Approval time will vary from lender to lender, though can be anywhere from a few hours to a few days. You’ll get the fastest approval time if you have a clean credit history, are in stable employment, are wishing to finance a brand-new vehicle and are willing to provide a deposit.
How do I get pre-approval on a car loan?
Pre-approval is a great way to assess your borrowing eligibility and ability to repay your loan amount before selecting a vehicle. Most lenders will offer pre-approval on a car loan in Australia.
Can I buy a car through private sale?
Yes, you can purchase a vehicle through private sale in Australia. You will be responsible for ensuring the vehicle meets all legal requirements for finance, and it’s crucial you understand the process of purchasing a private sale vehicle when conducting pre-purchase checks.
Will my loan amount include insurance and on-road costs?
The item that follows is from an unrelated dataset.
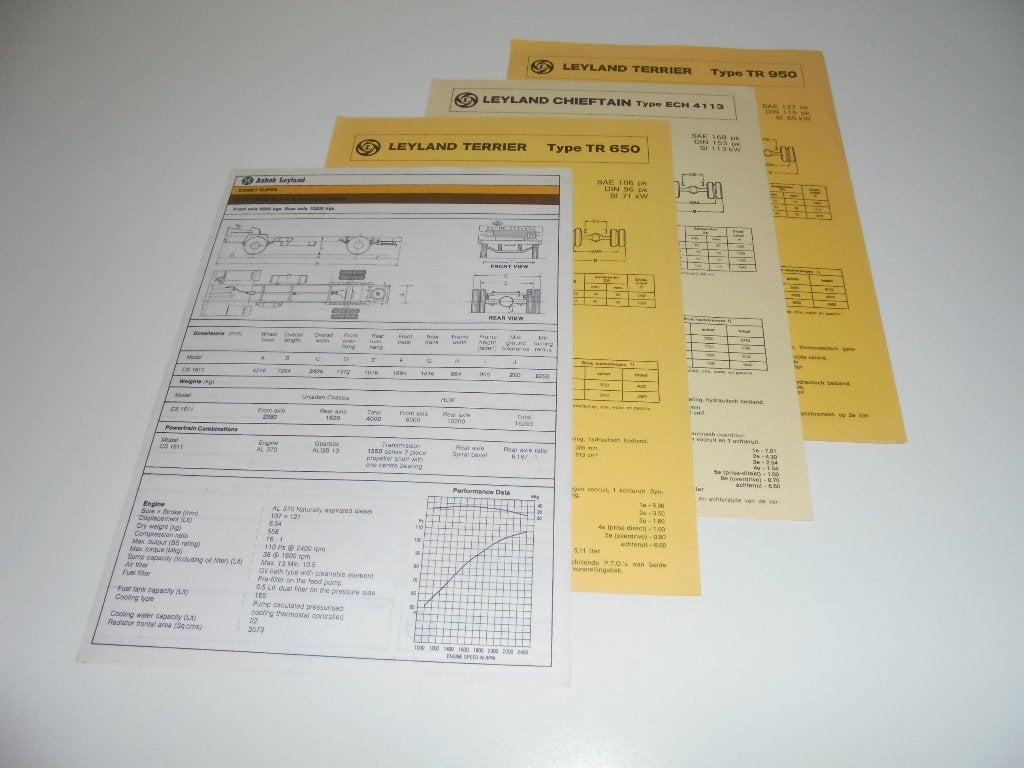4 specificatiebladen Leyland Trucks in één koop, Ophalen of Verzenden, Zo goed als nieuw, Overige merken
If you finance a vehicle through a broker or dealership, you may be able to include on-road costs and insurance in your car loan agreement. However, as a car loan is secured only by the vehicle itself, any additional finance beyond the purchase price may incur monthly fees on the loan.
Which vehicles can I finance with a car loan?
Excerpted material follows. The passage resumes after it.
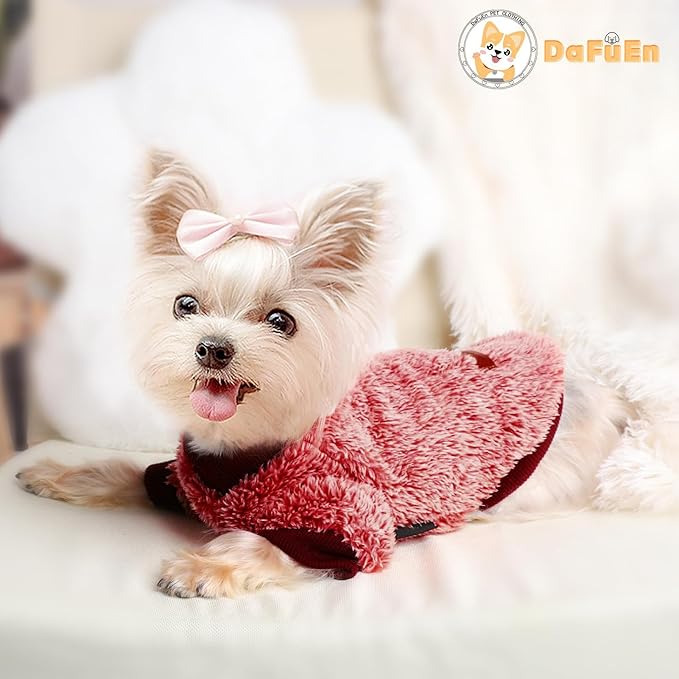 Dog Sweaters for Small Dogs Girl Boy Winter Puppy Sweater Clothes Fleece Warm Pet Outfit for Chihuahua Yorkie Teacup Cute Plain Cold Weather Dog Coat Cat Apparel Clothing (Small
You can finance a large number of vehicles using a car loan, however the vehicle will generally need to be less than 12 years old at the end of the loan term to qualify. If you aren’t able to finance your vehicle of choice through standard car finance, you may wish to consider other forms of vehicle finance.
Do I need a deposit for a car loan?
You often won’t need to provide a deposit for a car loan, though doing so will often get you faster approval or a better rate on your loan. Most lenders will allow you to borrow the entire purchase price of your car as long as you have a good credit rating and can demonstrate financial stability to comfortably meet your repayment obligations.
Can I make extra repayments on a car loan?
Most lenders will allow you to repay your car loan early, however some loans will come with early repayment fees. Depending on how much you repay and how soon into your loan term you may extra repayment, these early repayment fees are often lower than the interest you would save over the full loan term.
Can I buy a car on Gumtree using car finance?
Yes, you can get a car loan for a private sale advertised on Gumtree or any other online marketplace. The minimum purchase price needs to be $5,000 for a secured car loan.
Will applying for a car loan affect my credit rating?
Any finance application you make will be listed on your credit report - this is why it’s important to evaluate your financial situation and qualifying eligibility before applying for a car loan. If you choose to work with a vehicle finance broker, they will often provide a No Credit Check Assessment to indicate your eligibility before applying.
What is vehicle depreciation?
Vehicle depreciation is the value lost on a vehicle as soon as it is driven away. As a car loan is a type of secured personal loan, there will often be a minimum amount you can borrow, which ensures the vehicle you purchase is of adequate value to act as sufficient collateral in the event of any depreciation.